Created on 13 Jul 2026

Authors

Jingcheng Zhang, Yi Huang, Mingsi Zhang, Jiaheng Lou, Shuo Zhang, Sicheng Zhao, Zhiyuan Song, Kaiyuan Zhang, Tao Jiang, Guangji Zhang

Published in

Cells. Volume 15. Issue 13. Jul 01, 2026. Epub Jul 01, 2026.

Abstract

Tumor-associated macrophages (TAMs) are among the most important myeloid cell populations in the tumor microenvironment of digestive system tumors and are characterized by marked plasticity, heterogeneity, and context dependence. This review focuses on gastric, colorectal, liver, and pancreatic cancers as representative digestive system solid tumors in which TAM spatial organization has been increasingly characterized by single-cell and spatial omics studies. Traditional M1/M2 polarization or fixed subtype-based classification is insufficient to capture the continuous state transitions of TAMs across tumor types, disease stages, and tissue regions.
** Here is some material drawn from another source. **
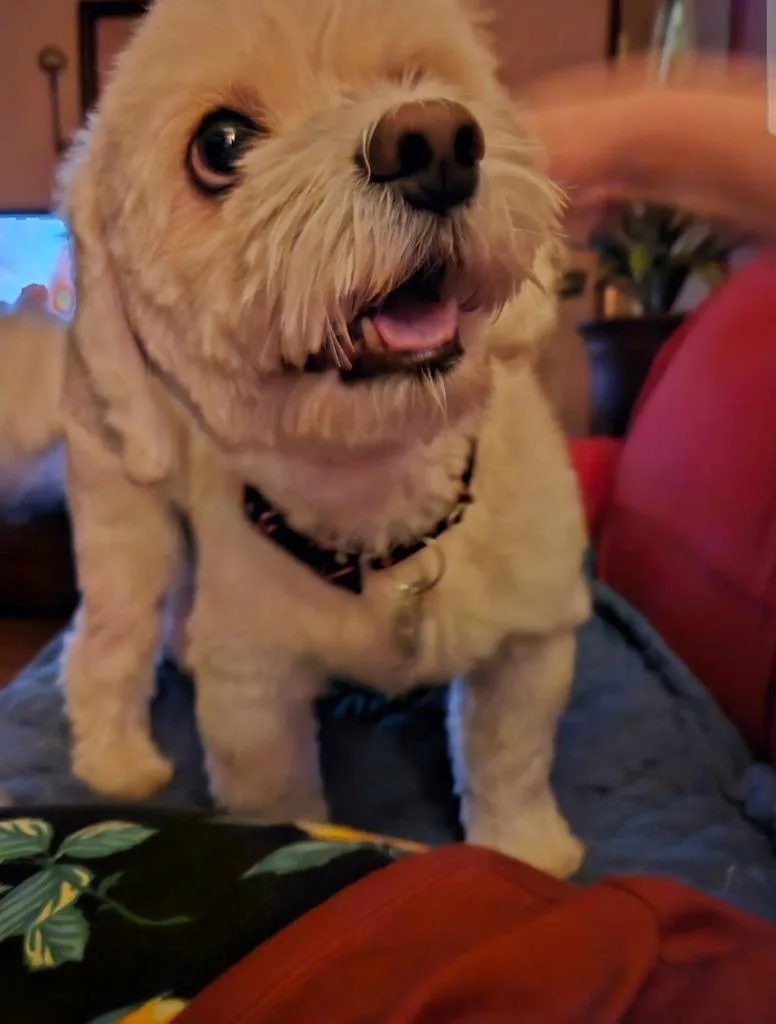 Scooter $ thumbnail 4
Recent evidence suggests that TAM heterogeneity reflects dynamic functional states shaped within distinct spatial niches by local oxygen supply, metabolic stress, stromal architecture, vascular status, and interactions with neighboring cells. From a spatial-niche perspective, this review synthesizes current evidence on TAM distribution patterns, phenotypic changes, and functional biases across six recurrent spatial contexts: the hypoxic core, invasive front, fibrotic septa, perivascular regions, tertiary lymphoid structure (TLS)-adjacent regions, and necrotic borders. By linking these niches with cross-niche functional axes and evidence-supported molecular programs, we provide a structured niche-to-function framework for comparing TAM spatial heterogeneity and its major functional dimensions, including metabolic adaptation, tissue remodeling, and immune-inflammatory regulation. This context-sensitive framework may help guide future studies of niche-specific TAM reprogramming and rational combinations with immunotherapy and other treatment strategies.

PMID:
42439673
Bibliographic data and abstract were imported from PubMed on 13 Jul 2026.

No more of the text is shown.